The overall goal of our laboratory's research is to determine the cellular and molecular mechanisms underlying episodic gonadotropin-releasing hormone (GnRH) secretion, as well as to understand the role of GnRH in the presentation of various forms of hypothalamic infertility. GnRH neurons form the final common pathway for the central regulation of reproduction in all vertebrates. GnRH is released in a pulsatile pattern that is critical for release of gonadotropic hormones by the pituitary gland.

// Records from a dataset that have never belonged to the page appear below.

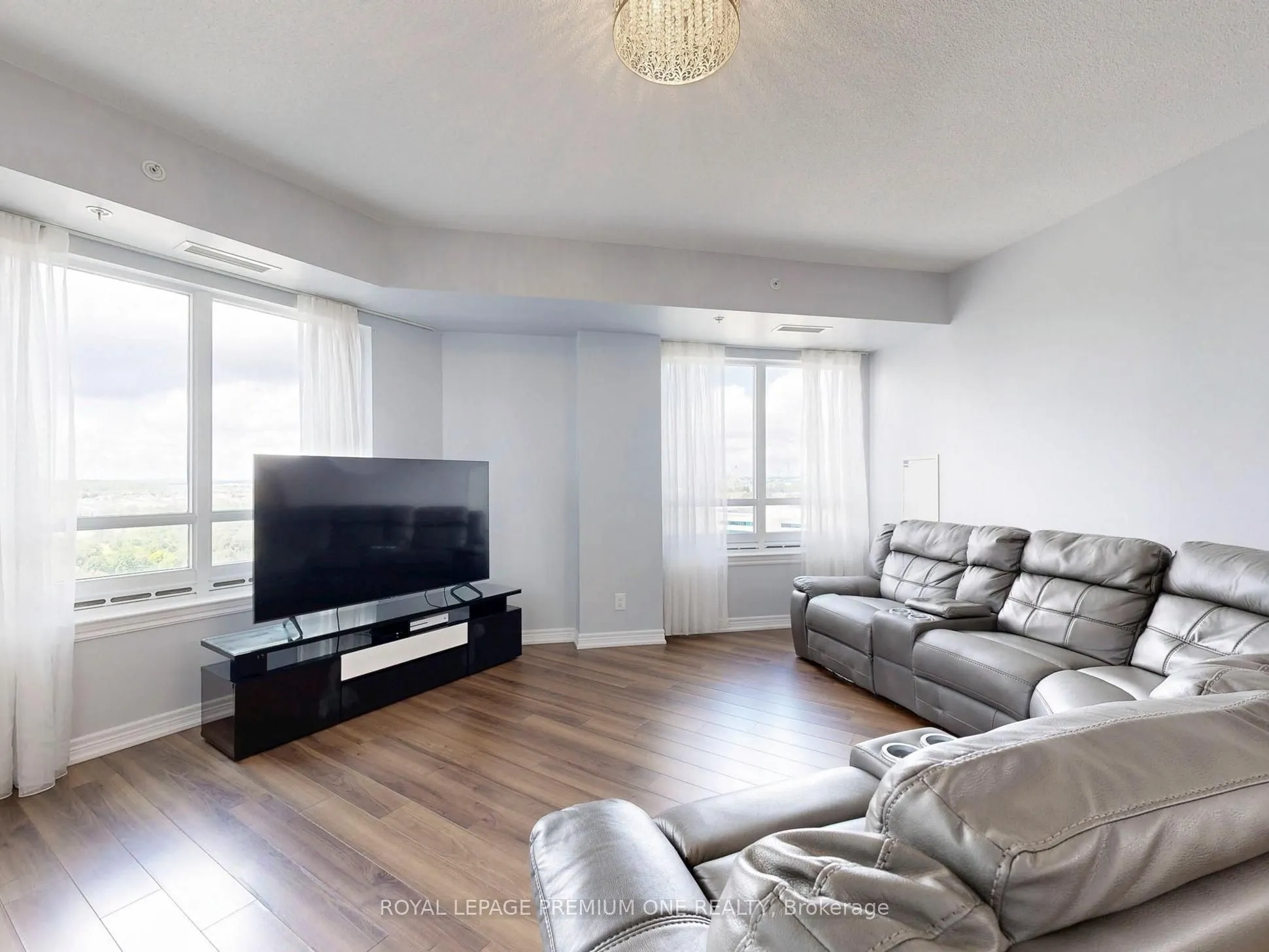 9255 Jane Street, #1202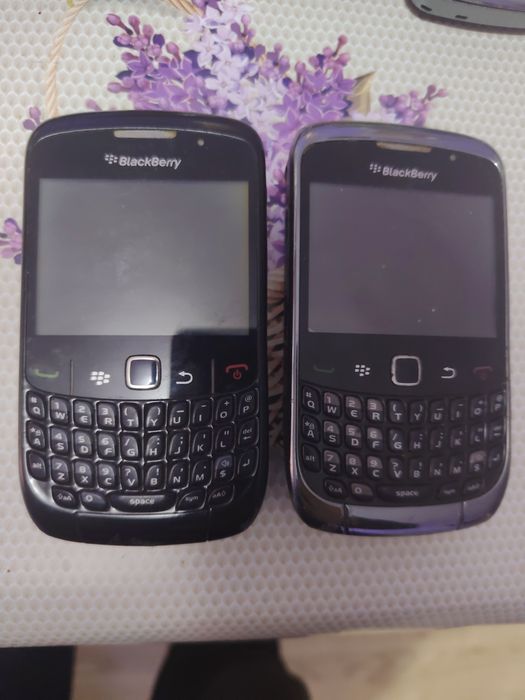 4 Blackberry doua funcționările doua nu și două telefoane diferite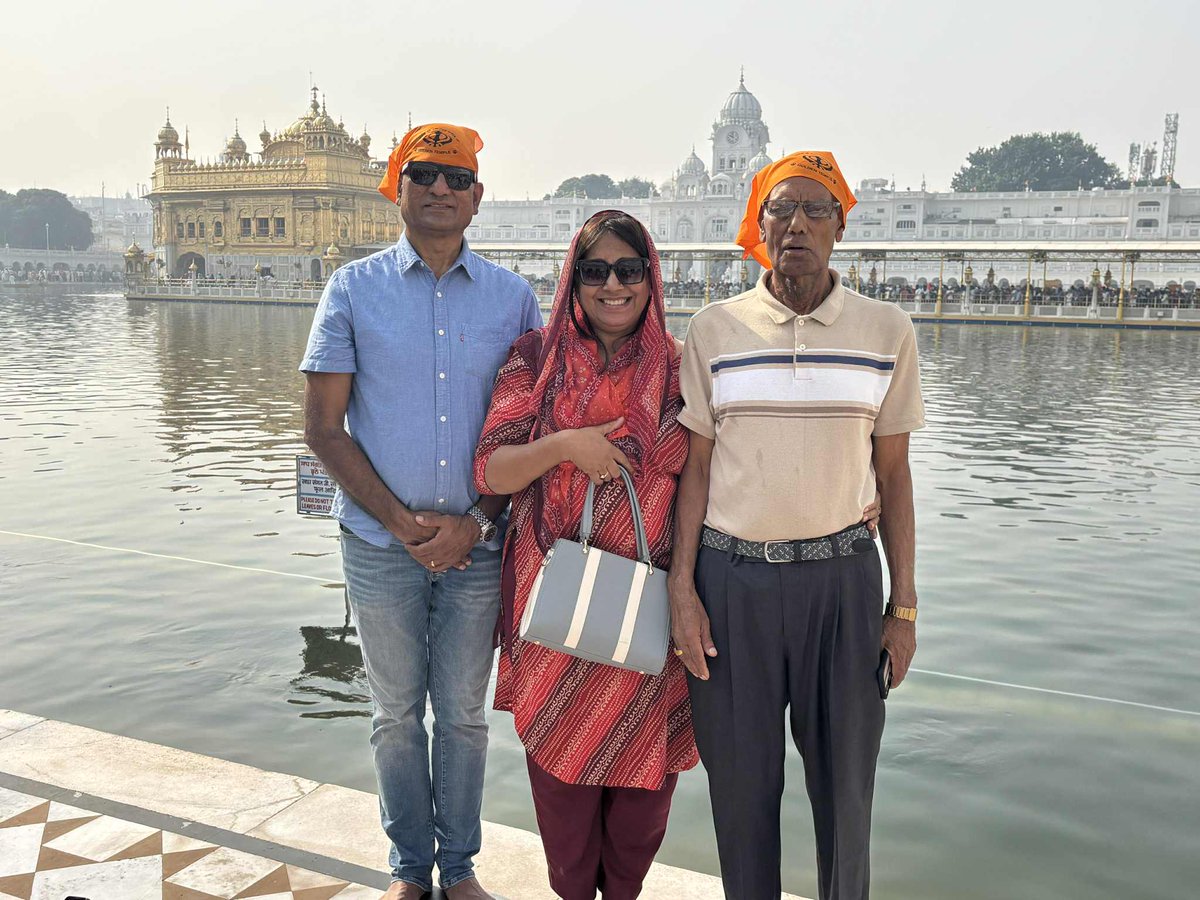 पवित्र हरमन्दिर साहिब (गोल्डेन टेम्पल) को दर्शन गर्ने सौभाग्य प्राप्त भयो। गुरुको कृपा सम्पूर्ण मानवमाथि रहोस्।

Further, the frequency of GnRH release changes throughout the female reproductive cycle and these changes are prerequisite for shifting the relative levels of the two gonadotropins to allow for ovarian follicular development and maturation. Persistence of high frequency GnRH release is a hallmark of hyperandrogenic polycystic ovary syndrome (PCOS, recently renamed MORS, metabolic ovarian reproductive syndrome), which affects approximately 8% of women and is a major cause of infertility and other health problems, including diabetes and obesity. To study this system we use transgenic mouse models in which the jellyfish reporter green fluorescent protein (GFP) is genetically targeted to GnRH neurons or other neurons in the brain that are important for controlling GnRH neurons, such as those that produce kisspeptin. These mice enable us to identify living neurons in brain slices and study them using electrophysiological, imaging and molecular approaches. Our work on PCOS has examined the interface between metabolic perturbations and fertility, specifically testing how GnRH neurons sense energy availability. In vivo, we have examined the effects of high fat diet, fasting, and metformin therapy on fertility. Ongoing and future work is testing the effect of voluntary exercise (running wheels) on reproductive parameters and metabolic parameters. For the latter, the Animal Phenotyping Core provides essential expertise that allows us to examine mechanistic aspects that are beyond the capabilities of our own laboratory. Collaborations with fellow NORC members Carol Elias and Martin Myers on how metabolic cues are conveyed to the GnRH neuron have enriched our understanding of this system.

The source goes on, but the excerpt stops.